Wednesday, April 15, 2009

VAERS Update...this time with feeling

The FDA (or is it the CDC? Or is it Health & Human Services? Can't really tell....) just updated its Vaccine Adverse Event Reporting System (VAERS) dataset (April 13, 2009).

What they haven't bothered to note is that they've also changed the structure of their dataset.

VAERS data used to come packaged as 2 CSV files--one called VAERSData.csv and one called VAERSVaccine.csv.

VAERSData.csv used to contain 20 slots per row for symptoms associated with each vaccine adverse event.

In the database world, one says that there is a 1-to-many relationship between a VAERS report and the Symptoms associated with that report.


And day 1 of any remedial Database management course will inform you that because of the 1-to-many relationship, you should separate the VAERS record from the Symptoms records and link each symptom back to its report via a foreign key.

The reason for doing this is that 20 slots for symptoms *may* seem like more than enough slots for any case that you'll ever come across, but at some point, some hypochondriac is going to slip in 21 symptoms and totally screw with your file.

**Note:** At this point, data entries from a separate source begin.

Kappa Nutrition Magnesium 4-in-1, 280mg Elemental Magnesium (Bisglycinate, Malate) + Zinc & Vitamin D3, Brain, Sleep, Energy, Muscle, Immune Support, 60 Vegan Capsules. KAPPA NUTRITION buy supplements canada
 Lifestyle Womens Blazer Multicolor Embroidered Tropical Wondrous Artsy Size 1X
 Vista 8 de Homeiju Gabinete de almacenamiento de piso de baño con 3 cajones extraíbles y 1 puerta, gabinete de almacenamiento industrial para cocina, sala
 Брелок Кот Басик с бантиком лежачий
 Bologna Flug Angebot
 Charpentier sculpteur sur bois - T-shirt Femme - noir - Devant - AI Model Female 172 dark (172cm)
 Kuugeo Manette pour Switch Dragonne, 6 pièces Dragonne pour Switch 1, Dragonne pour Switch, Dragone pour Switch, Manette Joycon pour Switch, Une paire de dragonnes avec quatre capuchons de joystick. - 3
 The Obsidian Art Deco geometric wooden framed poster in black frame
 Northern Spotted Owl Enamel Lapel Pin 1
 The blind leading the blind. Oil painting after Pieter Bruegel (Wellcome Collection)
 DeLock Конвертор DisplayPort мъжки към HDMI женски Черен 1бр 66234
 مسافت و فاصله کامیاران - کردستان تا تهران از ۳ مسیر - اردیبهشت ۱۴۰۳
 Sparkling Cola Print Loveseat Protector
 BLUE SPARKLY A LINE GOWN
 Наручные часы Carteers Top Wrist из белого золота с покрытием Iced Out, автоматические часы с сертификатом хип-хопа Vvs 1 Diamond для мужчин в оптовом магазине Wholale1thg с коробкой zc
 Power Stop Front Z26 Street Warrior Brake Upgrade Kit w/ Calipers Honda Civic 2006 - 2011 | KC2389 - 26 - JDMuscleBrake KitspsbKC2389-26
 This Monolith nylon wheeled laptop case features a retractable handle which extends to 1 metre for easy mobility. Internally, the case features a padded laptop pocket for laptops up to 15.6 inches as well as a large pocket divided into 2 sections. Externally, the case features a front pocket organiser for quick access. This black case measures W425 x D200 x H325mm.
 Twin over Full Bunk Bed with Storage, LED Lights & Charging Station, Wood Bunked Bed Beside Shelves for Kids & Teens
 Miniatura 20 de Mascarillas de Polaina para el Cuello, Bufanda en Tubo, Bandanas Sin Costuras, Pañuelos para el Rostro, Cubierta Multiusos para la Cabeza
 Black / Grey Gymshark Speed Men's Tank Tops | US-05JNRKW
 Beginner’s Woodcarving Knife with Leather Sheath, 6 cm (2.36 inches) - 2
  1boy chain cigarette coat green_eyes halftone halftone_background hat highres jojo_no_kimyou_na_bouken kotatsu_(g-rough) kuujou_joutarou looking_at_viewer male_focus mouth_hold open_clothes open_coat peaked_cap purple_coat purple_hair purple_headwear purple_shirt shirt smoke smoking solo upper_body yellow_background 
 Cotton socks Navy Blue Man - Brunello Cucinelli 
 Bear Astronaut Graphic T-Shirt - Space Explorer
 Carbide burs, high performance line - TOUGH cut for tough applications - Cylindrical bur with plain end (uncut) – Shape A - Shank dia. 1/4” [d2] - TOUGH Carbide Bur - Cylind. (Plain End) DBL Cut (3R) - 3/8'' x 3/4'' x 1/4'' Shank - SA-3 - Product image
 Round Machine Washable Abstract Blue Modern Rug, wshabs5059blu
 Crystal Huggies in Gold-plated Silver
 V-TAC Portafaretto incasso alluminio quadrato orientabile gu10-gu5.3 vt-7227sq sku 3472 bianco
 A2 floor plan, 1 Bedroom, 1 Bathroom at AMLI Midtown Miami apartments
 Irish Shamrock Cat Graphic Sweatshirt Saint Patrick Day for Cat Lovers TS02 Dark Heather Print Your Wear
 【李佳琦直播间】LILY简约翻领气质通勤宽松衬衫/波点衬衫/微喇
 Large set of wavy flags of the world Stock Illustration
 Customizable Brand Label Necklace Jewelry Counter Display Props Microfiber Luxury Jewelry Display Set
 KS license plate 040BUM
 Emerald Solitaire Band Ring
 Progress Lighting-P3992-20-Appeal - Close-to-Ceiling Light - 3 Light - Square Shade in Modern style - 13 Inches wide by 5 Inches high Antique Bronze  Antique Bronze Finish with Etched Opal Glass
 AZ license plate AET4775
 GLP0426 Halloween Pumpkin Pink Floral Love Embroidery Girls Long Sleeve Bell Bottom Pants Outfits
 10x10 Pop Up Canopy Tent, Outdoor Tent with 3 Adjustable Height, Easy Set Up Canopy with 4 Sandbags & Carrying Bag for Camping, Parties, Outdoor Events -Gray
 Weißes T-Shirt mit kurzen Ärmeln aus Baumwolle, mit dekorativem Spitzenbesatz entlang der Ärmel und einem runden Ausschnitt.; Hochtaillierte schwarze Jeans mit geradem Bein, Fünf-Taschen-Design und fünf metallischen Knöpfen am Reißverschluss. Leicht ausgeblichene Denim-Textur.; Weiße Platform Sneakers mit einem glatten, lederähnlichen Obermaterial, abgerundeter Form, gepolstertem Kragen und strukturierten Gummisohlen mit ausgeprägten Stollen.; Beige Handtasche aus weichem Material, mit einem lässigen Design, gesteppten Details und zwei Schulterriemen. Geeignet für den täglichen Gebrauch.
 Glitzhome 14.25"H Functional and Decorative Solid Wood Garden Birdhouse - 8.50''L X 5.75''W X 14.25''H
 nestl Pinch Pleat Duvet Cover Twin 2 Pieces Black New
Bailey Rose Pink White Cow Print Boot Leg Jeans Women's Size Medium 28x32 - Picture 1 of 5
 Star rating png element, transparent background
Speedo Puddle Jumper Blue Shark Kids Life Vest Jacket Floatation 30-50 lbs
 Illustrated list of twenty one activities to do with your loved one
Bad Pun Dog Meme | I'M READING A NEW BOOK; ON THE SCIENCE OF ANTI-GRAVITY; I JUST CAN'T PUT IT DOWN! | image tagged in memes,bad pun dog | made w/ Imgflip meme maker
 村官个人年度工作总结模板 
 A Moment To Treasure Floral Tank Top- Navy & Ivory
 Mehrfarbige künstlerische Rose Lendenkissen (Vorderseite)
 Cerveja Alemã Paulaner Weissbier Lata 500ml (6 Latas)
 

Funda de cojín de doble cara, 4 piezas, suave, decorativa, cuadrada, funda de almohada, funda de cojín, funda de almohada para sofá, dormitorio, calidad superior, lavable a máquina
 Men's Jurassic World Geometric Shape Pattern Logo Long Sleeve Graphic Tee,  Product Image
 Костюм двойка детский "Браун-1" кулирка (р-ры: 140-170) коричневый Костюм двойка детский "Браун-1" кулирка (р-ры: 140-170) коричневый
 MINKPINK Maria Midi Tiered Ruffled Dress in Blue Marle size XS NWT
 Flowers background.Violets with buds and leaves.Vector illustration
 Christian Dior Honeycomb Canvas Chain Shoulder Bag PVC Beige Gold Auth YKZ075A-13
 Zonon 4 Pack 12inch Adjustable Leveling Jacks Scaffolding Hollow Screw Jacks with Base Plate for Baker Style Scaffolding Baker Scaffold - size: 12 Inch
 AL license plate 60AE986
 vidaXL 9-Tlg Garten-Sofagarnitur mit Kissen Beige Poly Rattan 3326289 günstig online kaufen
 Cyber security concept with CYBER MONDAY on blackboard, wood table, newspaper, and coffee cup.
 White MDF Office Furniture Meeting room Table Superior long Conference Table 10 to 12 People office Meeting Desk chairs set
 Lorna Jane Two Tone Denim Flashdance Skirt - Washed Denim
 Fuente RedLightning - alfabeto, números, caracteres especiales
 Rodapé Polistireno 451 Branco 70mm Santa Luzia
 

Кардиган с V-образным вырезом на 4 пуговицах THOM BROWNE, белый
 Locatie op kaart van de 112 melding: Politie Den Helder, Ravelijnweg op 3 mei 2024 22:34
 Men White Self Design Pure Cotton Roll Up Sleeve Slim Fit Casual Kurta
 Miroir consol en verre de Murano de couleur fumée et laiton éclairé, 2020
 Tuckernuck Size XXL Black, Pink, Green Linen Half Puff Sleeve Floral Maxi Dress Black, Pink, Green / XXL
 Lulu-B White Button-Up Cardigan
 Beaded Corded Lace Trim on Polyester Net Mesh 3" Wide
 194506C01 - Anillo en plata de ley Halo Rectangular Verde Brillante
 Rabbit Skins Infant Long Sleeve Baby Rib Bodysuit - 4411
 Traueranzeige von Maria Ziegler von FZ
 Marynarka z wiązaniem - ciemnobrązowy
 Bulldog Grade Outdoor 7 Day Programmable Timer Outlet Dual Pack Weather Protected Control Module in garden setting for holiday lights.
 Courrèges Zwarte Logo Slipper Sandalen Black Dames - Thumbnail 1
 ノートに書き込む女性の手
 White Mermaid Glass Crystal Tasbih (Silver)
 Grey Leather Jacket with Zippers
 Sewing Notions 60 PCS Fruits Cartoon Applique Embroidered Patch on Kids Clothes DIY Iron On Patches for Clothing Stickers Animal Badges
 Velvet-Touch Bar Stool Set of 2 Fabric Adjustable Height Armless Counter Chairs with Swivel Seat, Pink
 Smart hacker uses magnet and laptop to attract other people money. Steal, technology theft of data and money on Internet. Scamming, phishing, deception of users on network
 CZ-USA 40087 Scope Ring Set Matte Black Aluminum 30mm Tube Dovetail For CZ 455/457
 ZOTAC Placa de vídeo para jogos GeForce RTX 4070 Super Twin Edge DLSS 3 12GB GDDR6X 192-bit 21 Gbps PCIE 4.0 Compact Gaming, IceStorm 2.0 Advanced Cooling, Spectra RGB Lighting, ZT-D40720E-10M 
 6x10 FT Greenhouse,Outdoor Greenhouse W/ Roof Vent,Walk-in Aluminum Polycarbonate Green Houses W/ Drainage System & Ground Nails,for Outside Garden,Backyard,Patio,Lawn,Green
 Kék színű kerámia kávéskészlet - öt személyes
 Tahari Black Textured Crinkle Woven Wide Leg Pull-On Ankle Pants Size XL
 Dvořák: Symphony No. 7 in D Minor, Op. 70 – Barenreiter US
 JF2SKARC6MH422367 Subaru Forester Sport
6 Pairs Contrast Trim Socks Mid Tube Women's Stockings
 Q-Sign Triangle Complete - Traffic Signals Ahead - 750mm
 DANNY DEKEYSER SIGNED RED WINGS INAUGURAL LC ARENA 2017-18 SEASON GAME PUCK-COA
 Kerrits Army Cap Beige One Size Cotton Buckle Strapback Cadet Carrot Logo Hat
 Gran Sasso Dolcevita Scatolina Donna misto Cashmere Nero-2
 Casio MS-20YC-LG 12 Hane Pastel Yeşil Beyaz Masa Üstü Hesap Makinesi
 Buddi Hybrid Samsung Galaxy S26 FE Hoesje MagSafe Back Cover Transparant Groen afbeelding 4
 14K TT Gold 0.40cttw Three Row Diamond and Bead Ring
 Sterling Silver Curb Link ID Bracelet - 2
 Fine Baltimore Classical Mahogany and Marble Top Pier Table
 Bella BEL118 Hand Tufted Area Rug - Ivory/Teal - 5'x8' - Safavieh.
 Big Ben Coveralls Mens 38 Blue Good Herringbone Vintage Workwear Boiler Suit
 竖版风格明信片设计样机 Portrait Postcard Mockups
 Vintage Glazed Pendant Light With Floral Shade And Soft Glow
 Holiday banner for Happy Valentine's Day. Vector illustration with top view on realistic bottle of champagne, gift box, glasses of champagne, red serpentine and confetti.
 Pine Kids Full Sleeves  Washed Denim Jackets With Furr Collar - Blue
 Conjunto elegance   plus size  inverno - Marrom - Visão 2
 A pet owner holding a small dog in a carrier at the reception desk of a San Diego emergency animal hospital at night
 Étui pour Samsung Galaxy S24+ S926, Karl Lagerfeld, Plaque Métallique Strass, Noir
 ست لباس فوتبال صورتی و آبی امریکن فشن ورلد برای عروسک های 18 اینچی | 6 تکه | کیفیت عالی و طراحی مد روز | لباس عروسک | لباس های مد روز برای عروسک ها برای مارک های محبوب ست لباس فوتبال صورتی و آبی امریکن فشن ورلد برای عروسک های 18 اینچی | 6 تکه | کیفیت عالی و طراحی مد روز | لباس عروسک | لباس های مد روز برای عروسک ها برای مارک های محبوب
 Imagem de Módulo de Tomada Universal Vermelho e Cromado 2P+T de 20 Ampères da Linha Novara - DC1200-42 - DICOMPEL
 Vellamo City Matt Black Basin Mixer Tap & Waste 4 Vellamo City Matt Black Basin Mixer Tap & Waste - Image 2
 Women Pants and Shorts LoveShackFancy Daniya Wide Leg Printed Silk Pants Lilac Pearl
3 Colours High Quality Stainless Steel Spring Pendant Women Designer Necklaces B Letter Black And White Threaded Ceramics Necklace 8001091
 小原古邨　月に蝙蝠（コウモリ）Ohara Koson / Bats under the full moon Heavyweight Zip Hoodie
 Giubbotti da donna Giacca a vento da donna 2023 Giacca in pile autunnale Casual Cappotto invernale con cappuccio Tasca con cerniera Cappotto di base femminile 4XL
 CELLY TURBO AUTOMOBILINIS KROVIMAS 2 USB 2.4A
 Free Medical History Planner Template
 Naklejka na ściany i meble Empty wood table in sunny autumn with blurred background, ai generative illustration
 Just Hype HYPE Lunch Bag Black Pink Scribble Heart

Well, 19 years later, the VAERS folks have finally given the Symptom data its own csv file, appropriately titled VAERSSymptoms.csv. They didn't bother to tell anyone that they did this...and I had to tinker with my parsing algorithm last night to adjust for the changes, but the discerning pharmacovigilantes among us were able to figure it out when we asked ourselves

"Why are there 3 csv files per year now when there used to be 2? And why haven't they updated their file explaining the structure of the VAERS files?" As of this writing, the most recent revision of the VAERS explanation is June 2007.

Ah yes...lest I forget...as of this writing, the Zip file containing all of 2008's VAERS data is contaminated with 2009 data. I think that's just to keep everyone on their toes.